Si le mot “Hétérologique” (Heterological) est “hétérologique”, alors par définition, il “ne possède pas la propriété que le mot lui-même signifie”. Comme la signification de ce mot est “hétérologique”, ne pas posséder cette propriété signifie qu’il est “autologique”. Nous avons supposé qu’il était hétérologique, mais le résultat est qu’il est devenu autologique. (Contradiction)
La logique s’effondre dans les deux cas.
Lien avec les mathématiques et la logique : un parent du paradoxe de Russell
Ce paradoxe n’est pas une simple erreur de calcul ou une illusion comme l’“énigme du dollar manquant”. Il a fondamentalement la même structure que le paradoxe de Russell (“L’ensemble de tous les ensembles qui ne se contiennent pas eux-mêmes se contient-il lui-même ?”), qui a ébranlé les fondements des mathématiques.
Le paradoxe de Grelling-Nelson peut être vu comme la version sémantique (la signification des mots) du paradoxe de Russell.
Le paradoxe de Russell dans la théorie des ensembles : Lorsqu’on définit l’ensemble
$$ R = \{ x \mid x \notin x \} $$demander si $R \in R$ ou $R \notin R$ conduit à une contradiction.

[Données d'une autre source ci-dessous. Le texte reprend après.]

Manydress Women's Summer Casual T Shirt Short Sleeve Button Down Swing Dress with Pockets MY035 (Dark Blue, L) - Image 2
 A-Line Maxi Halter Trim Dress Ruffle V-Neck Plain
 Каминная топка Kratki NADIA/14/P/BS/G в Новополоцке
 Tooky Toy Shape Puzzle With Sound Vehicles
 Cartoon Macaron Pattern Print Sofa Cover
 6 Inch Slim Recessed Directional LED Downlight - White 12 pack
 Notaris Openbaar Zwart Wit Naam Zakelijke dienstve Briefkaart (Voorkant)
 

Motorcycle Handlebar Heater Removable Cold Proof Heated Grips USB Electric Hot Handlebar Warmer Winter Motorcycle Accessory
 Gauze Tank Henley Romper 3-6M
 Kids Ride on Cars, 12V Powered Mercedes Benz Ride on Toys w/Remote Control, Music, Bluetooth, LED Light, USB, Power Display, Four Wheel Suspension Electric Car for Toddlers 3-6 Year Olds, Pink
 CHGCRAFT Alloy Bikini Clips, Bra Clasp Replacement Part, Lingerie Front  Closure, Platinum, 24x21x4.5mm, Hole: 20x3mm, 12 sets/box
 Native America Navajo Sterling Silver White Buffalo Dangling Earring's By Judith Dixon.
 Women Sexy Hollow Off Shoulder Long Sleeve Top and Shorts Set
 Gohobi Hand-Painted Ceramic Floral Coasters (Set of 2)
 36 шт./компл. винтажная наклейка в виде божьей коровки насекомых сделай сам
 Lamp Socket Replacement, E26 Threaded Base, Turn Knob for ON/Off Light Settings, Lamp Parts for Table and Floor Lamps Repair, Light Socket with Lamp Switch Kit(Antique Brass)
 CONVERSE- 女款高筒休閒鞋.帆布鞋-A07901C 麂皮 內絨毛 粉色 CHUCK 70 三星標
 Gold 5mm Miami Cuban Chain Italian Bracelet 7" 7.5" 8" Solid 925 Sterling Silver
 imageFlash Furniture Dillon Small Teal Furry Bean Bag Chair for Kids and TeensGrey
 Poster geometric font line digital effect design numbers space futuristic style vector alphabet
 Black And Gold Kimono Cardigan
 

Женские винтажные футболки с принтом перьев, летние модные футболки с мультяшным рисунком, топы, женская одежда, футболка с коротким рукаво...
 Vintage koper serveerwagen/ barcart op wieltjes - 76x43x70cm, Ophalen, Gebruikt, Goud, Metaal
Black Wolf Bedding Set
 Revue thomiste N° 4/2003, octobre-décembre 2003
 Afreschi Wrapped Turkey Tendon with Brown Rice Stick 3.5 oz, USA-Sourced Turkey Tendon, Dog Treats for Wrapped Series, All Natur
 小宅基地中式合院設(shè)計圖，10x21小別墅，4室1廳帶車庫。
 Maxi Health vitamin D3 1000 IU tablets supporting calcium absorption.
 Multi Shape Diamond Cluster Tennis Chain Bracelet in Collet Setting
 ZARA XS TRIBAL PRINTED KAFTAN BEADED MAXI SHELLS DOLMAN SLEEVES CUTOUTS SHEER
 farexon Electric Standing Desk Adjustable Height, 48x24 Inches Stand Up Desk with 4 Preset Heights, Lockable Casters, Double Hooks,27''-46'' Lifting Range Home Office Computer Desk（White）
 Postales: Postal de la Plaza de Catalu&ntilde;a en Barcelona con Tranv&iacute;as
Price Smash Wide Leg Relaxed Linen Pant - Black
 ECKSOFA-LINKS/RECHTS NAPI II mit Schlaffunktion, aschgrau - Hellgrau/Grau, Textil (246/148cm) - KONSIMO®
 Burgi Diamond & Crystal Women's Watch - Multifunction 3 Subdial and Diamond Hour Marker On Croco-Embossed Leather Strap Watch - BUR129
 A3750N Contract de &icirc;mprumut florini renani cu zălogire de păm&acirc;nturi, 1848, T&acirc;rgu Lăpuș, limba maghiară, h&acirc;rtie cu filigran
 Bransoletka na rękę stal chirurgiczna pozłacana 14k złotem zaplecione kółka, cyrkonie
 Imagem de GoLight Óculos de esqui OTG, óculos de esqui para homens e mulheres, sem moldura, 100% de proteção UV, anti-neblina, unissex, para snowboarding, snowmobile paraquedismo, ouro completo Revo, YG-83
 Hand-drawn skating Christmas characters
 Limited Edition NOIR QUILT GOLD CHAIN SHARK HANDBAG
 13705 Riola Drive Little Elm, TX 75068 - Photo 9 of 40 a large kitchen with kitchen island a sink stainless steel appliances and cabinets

Le paradoxe de Grelling-Nelson en sémantique : Si l’on définit $Het(x)$ comme “le mot $x$ n’a pas la propriété $x$ (est hétérologique)”, on tombe dans la contradiction logique :
$$ Het(\text{"Het"}) \iff \neg Het(\text{"Het"}) $$Pourquoi ce paradoxe est-il important ?
Lorsqu’un mot fait référence à lui-même (auto-référence), il y a toujours un risque d’erreurs s’apparentant à une boucle infinie.
Ce n’est pas seulement un problème de philosophie ou de linguistique. En informatique et en intelligence artificielle, lorsque des programmes tentent d’évaluer ou de modifier leur propre code, ou lorsque les modèles de traitement du langage naturel interprètent des contradictions sémantiques, ils se heurtent à des barrières logiques similaires.
Le paradoxe de Grelling-Nelson est une expérience de pensée qui visualise brillamment les bugs (limites) inhérents au système qu’est le “langage”.